Work request: The records below must be repeated exactly, but without their pictures.

------

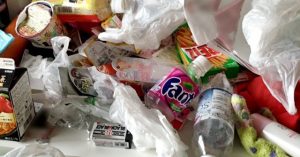 The garbage that bullies stuffed into the victim’s backpack, discovered in late November by her mother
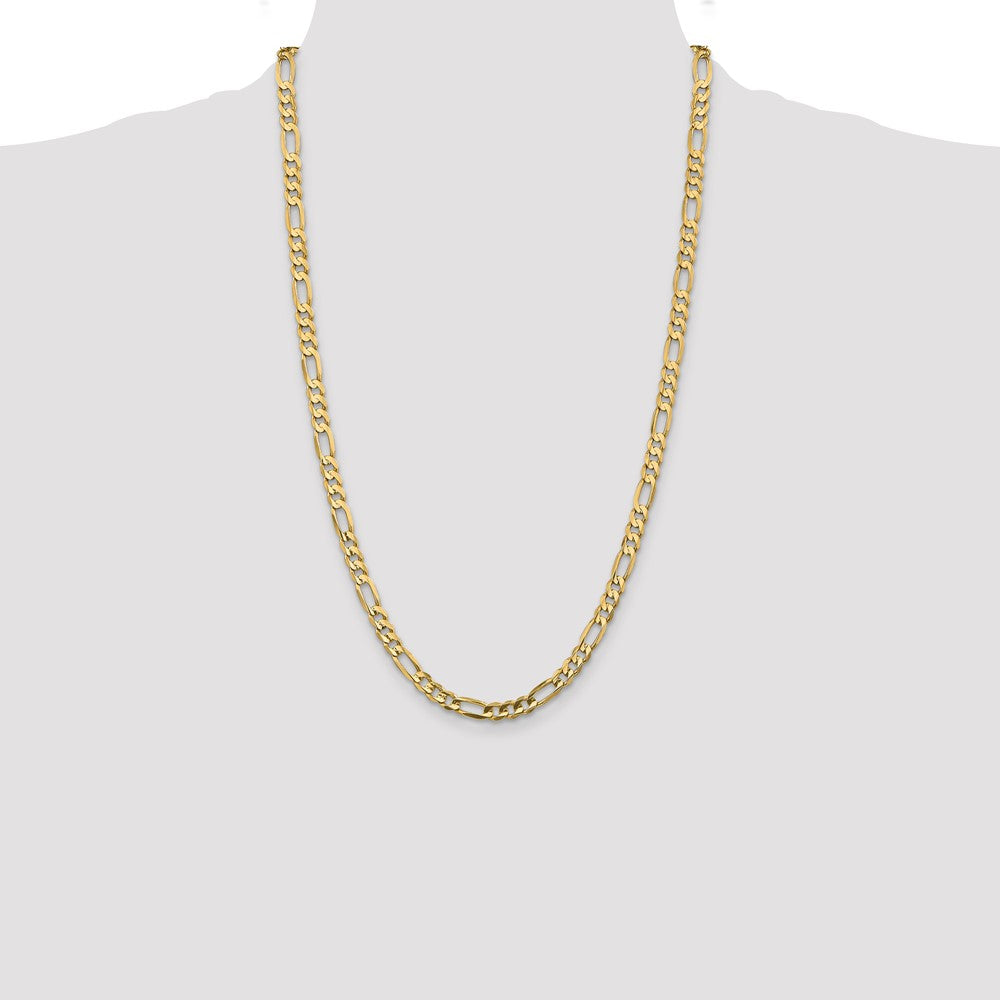 14K 5.5mm Concave Open Figaro with Lobster Clasp Chain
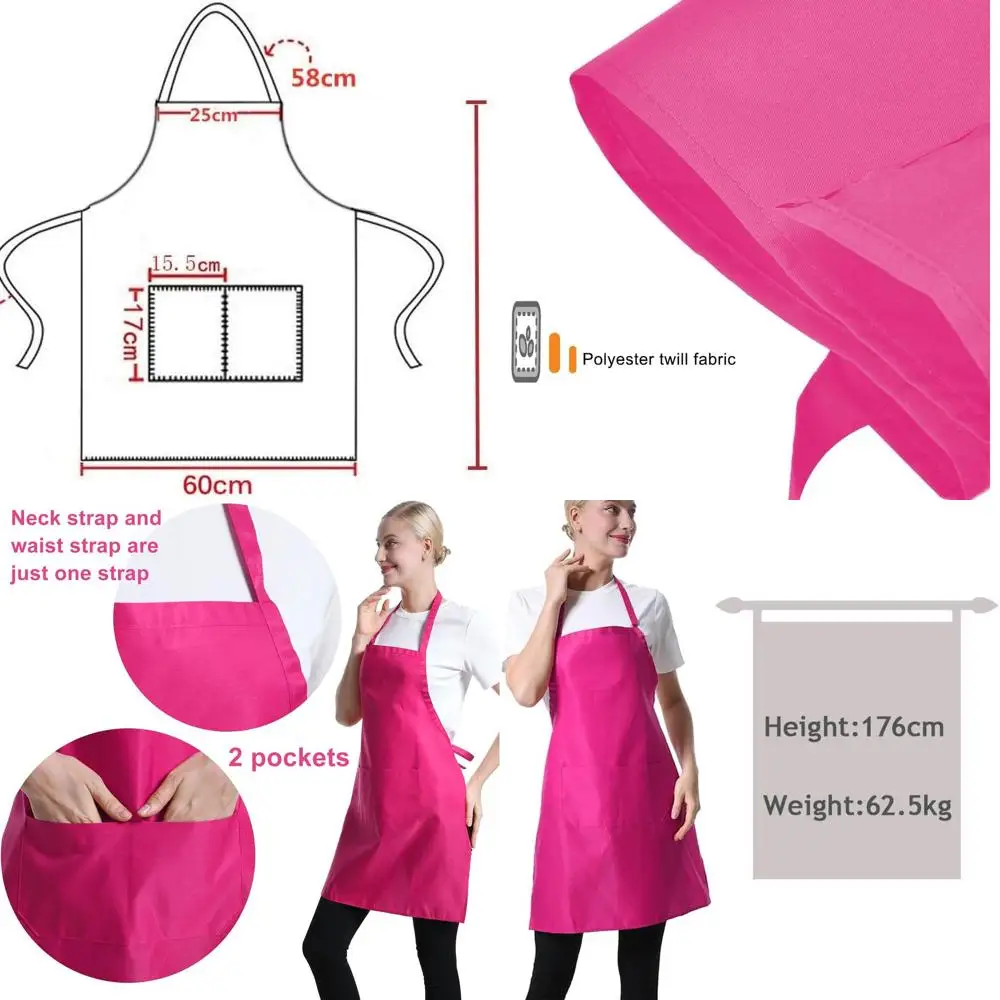 

Set of 12 Hot Pink Unisex Aprons with 2 Pockets for Cooking, Baking, and Painting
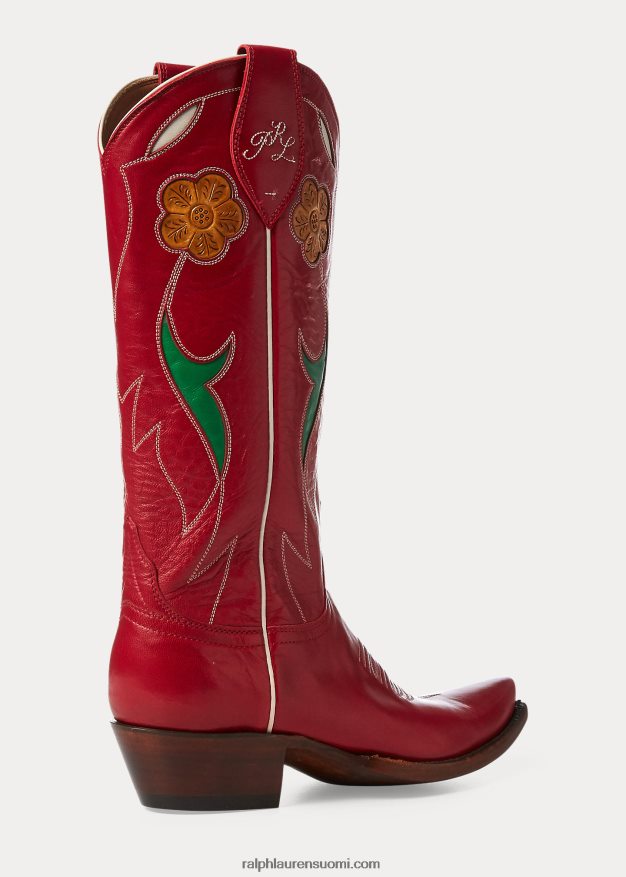 Ralph Lauren naiset selene nahkainen cowboy-saappaat 0Z24ZR9636 punainen
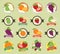 Set of various fresh fruit and vegetable premium quality tag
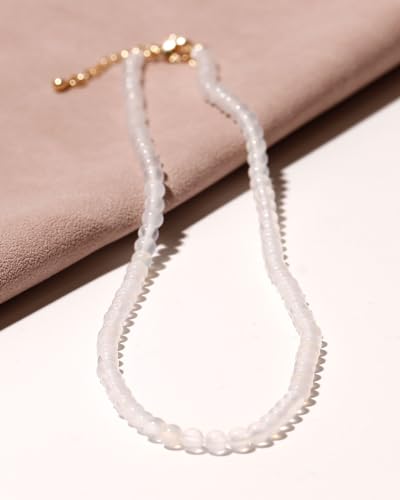 Simple Choker Necklace for Women Real Stone and Crystals Necklaces 4mm Beaded Choker Jewelry Meditation Gift for Women (16"+2") - style: White Agate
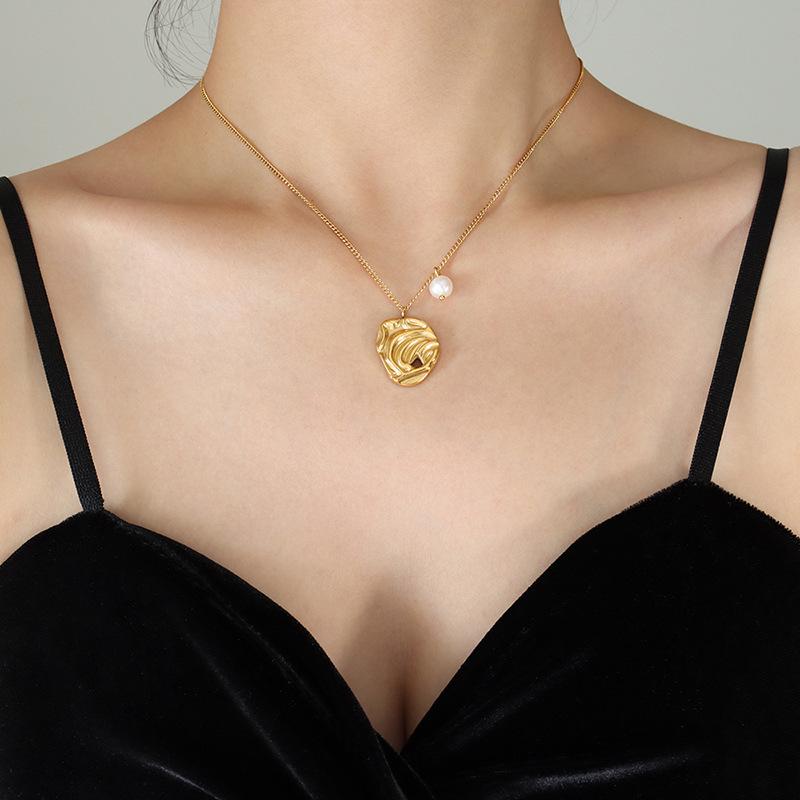 Abstract Art Irregular Pendant Freshwater Pearl Necklace for Women - Gold-Plated Titanium Steel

------

Solution for this exercise:
 The garbage that bullies stuffed into the victim’s backpack, discovered in late November by her mother
 14K 5.5mm Concave Open Figaro with Lobster Clasp Chain

Set of 12 Hot Pink Unisex Aprons with 2 Pockets for Cooking, Baking, and Painting
 Ralph Lauren naiset selene nahkainen cowboy-saappaat 0Z24ZR9636 punainen
 Set of various fresh fruit and vegetable premium quality tag
 Simple Choker Necklace for Women Real Stone and Crystals Necklaces 4mm Beaded Choker Jewelry Meditation Gift for Women (16"+2") - style: White Agate
 Abstract Art Irregular Pendant Freshwater Pearl Necklace for Women - Gold-Plated Titanium Steel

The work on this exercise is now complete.